_Listed records_
■ ■ ■
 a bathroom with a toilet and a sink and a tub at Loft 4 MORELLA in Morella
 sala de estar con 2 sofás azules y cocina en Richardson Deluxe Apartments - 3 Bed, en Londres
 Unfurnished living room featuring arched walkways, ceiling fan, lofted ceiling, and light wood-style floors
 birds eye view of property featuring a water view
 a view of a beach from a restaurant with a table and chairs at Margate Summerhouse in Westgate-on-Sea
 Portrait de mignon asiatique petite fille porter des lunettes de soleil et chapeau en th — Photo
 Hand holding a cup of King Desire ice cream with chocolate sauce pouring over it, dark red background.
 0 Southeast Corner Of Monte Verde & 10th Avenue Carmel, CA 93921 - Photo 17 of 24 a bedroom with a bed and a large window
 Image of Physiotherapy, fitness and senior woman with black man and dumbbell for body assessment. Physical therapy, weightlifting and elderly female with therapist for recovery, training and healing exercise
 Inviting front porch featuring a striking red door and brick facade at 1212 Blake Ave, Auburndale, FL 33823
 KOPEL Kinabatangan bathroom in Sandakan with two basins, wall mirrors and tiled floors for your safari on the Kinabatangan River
■ ■ ■
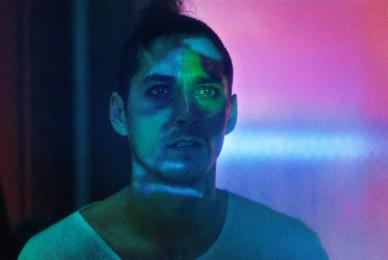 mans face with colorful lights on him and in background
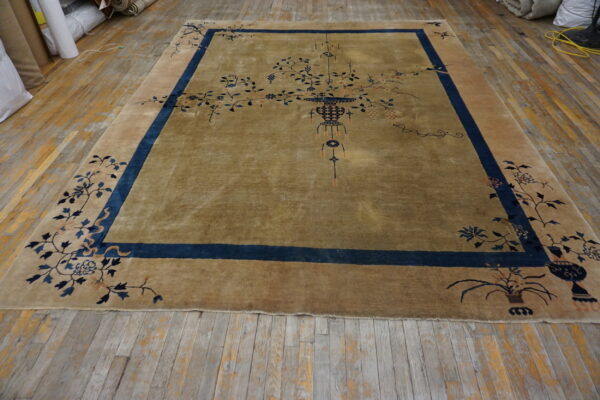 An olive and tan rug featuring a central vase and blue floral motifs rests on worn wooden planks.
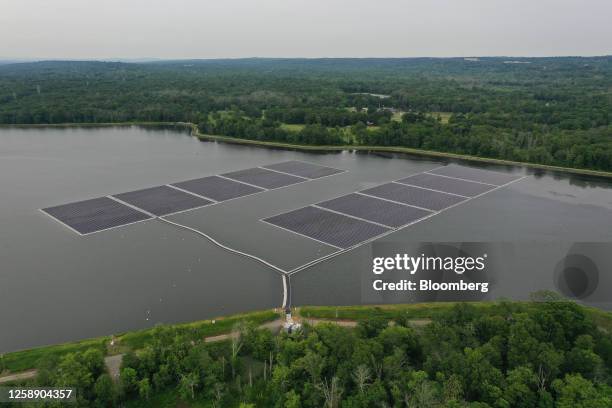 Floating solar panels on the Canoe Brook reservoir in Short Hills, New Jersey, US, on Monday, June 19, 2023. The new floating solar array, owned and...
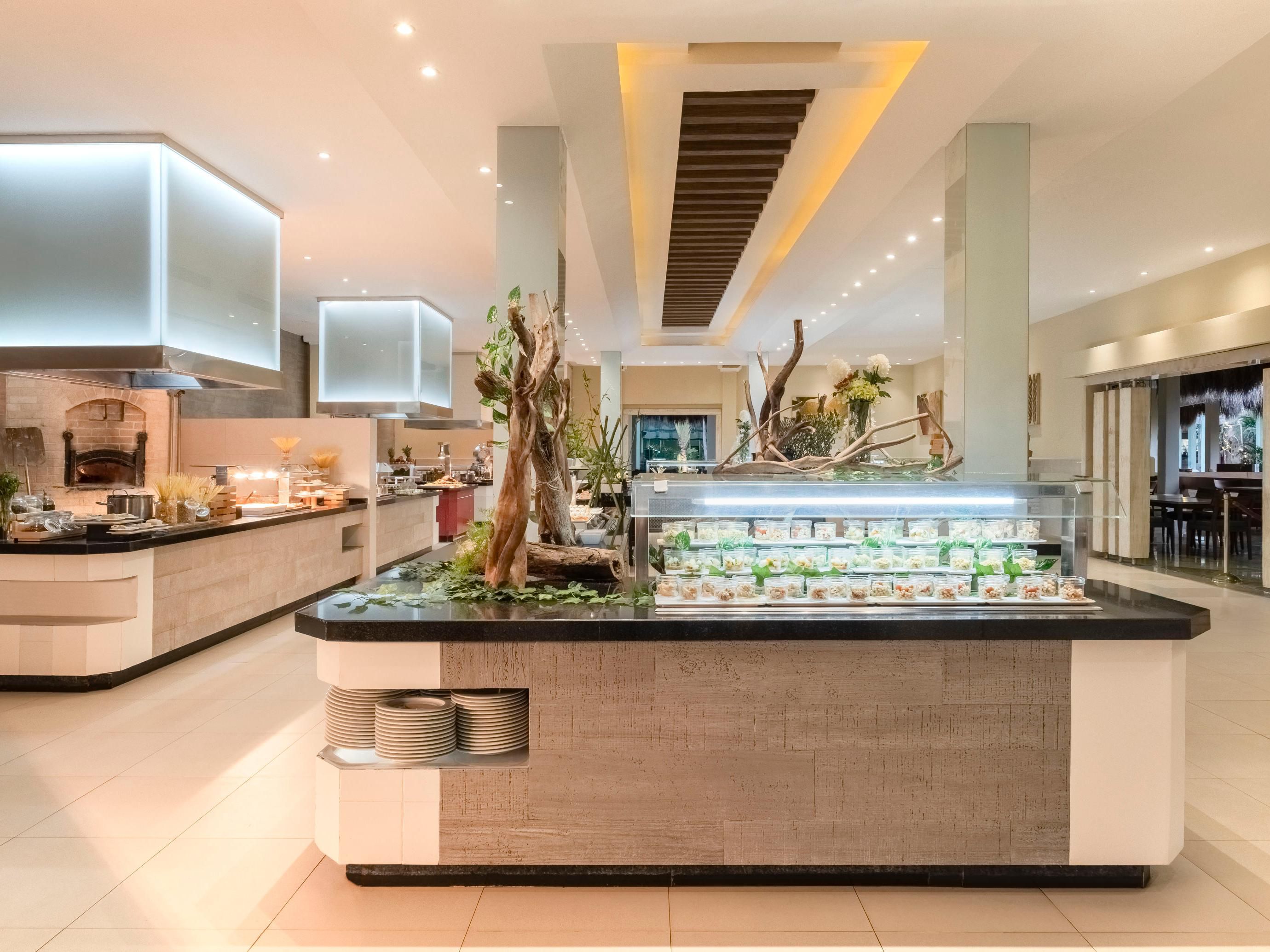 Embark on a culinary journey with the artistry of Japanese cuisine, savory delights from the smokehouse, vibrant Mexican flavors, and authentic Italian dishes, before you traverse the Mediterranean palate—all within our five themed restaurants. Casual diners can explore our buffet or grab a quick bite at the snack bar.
■ ■ ■
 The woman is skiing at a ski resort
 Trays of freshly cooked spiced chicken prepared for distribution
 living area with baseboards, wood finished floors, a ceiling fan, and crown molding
■ ■ ■
_Your instructions_
What lines of the material contain "ceiling"? Show them.

_Problem solution_
 Unfurnished living room featuring arched walkways, ceiling fan, lofted ceiling, and light wood-style floors
 living area with baseboards, wood finished floors, a ceiling fan, and crown molding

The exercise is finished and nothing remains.